В “Дневнике писателя” читаем, что “двигала им (евреем) столько веков одна только жажда напиться нашим потом и кровью”. Вряд ли задумывался великий гуманист о последствиях, заявляя: “Жид погубит Россию”. Слова его отозвались страшным кличем “Бей жидов, спасай Россию” и морем пролитой нашей крови.

“К Достоевскому, как к любой исторической фигуре, следует подходить исторически, то есть судить о нём в контексте его, а не нашего времени”, — учит Семён Резник. Нет возражений. Но разве это что-нибудь меняет в нашем отношении к его современнику, зоологическому антисемиту Рихарду Вагнеру? Так что, так уж и нет никакой разницы между Вагнером и Достоевским? Есть, и она разительна. На шкале антисемитизма они далеко отстоят друг от друга. Вагнер утверждал, повторяя Маркса, что единственное спасение евреев – в полном безоговорочном самоуничтожении: “Спасение Агасфера – в его гибели”. Достоевский отнюдь не желает гибели евреев.

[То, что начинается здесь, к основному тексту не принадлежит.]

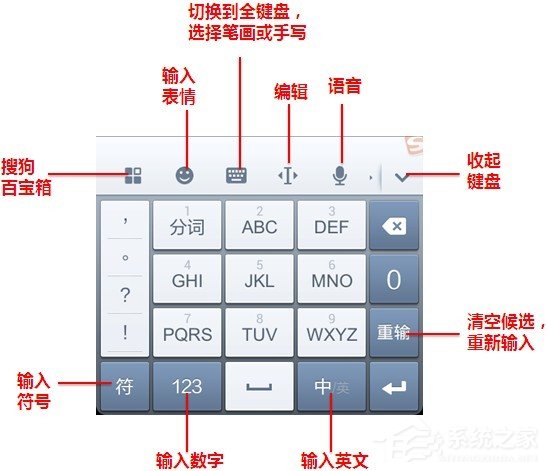 我来教你搜狗输入法有哪些功能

Он всматривается в нашу историю и обнаруживает её исключительность: “Чтоб существовать сорок веков на земле (он повторяет ошибку многих, отсчитывая историю евреев не с рождения первого еврея на земле, Авраама, случившегося 37 веков назад, а от Шема, родоначальника семитов, включавших много народов, помимо евреев), т. е. во весь почти исторический период человечества,.. чтоб терять столько раз свою территорию, свою политическую независимость, законы, почти даже веру, — терять и всякий раз опять соединяться, опять возрождаться в прежней идее, хоть и в другом виде, опять создавать себе и законы и почти веру – нет, такой живучий народ такой беспримерный в мире народ, не мог существовать без status in statu (“государство в государстве” – лат.), который он сохранял всегда и везде во время самых страшных, тысячелетних рассеяний и гонений своих… Тут не одно самосохранение стоит главной причиной, а некая идея, движущая и влекущая, нечто такое, мировое и глубокое, о чём, быть может, человечество ещё не в силах произнесть своего последнего слова… Что религиозный-то характер тут есть по преимуществу – это-то уже несомненно. Что свой Промыслитель, под именем прежнего первоначального Иеговы, со своим идеалом и со своим обетом продолжает вести свой народ к цели твёрдой – это-то уже ясно…” (Почти полвека спустя, в 1923 г., эту же мысль Николай Бердяев сформулировал так: “Его (еврейского народа) существование есть странное, таинственное и чудесное явление, которое указывает, что с судьбой этого народа связаны особые предначертания”, см. гл. 4).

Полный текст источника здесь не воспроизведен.